*Data to use*:
────
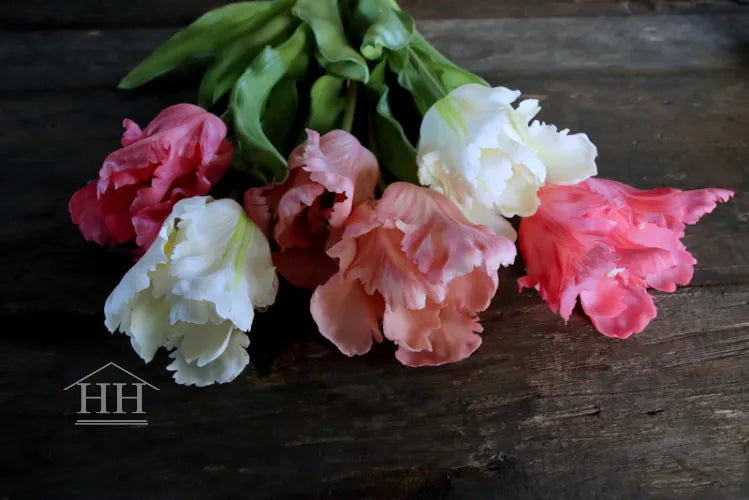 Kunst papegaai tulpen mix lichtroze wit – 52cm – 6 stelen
────
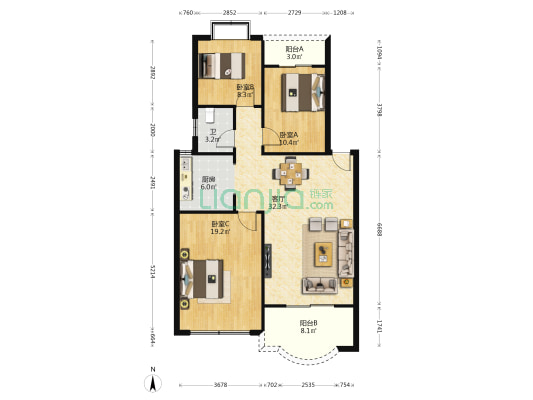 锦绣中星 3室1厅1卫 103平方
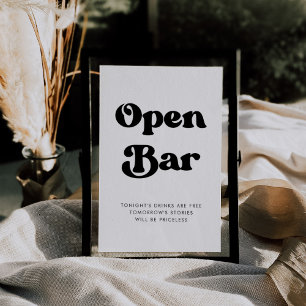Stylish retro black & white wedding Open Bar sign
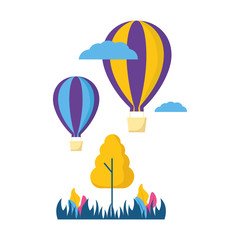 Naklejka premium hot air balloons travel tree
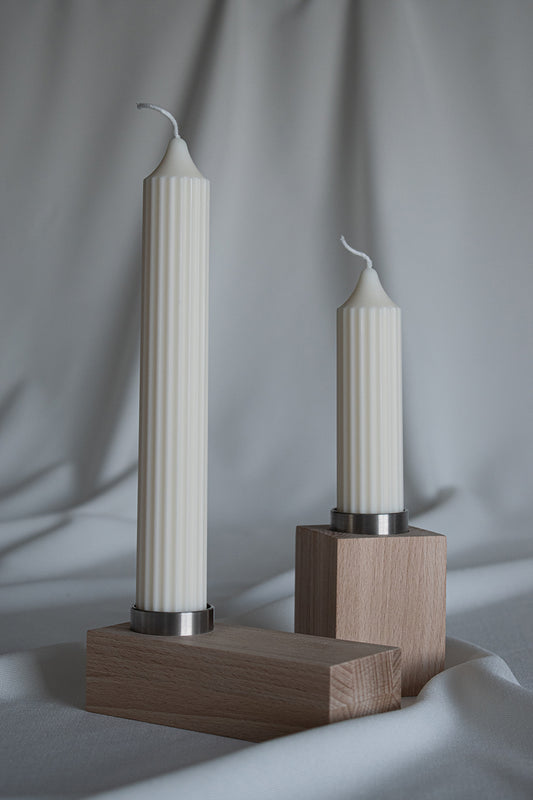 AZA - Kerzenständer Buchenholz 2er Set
────
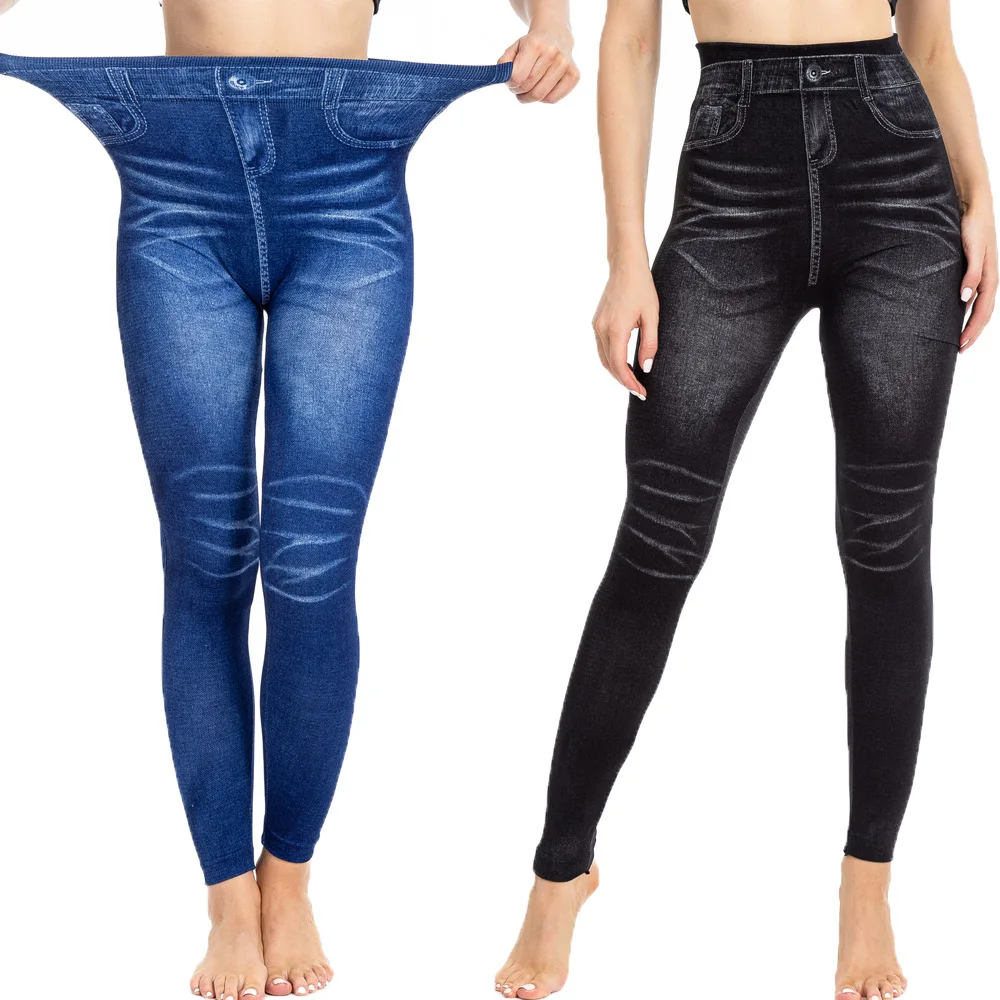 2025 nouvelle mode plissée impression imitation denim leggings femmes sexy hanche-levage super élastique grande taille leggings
────
*Task details*: What is needed is an exact copy of the lines above from the one with "锦绣中星 3室1厅1卫 103平方" to the one with "AZA - Kerzenständer Buchenholz 2er Set", both ends kept, and nothing more; please leave the pictures out.

*Solution to the exercise*:
 锦绣中星 3室1厅1卫 103平方
Stylish retro black & white wedding Open Bar sign
 Naklejka premium hot air balloons travel tree
 AZA - Kerzenständer Buchenholz 2er Set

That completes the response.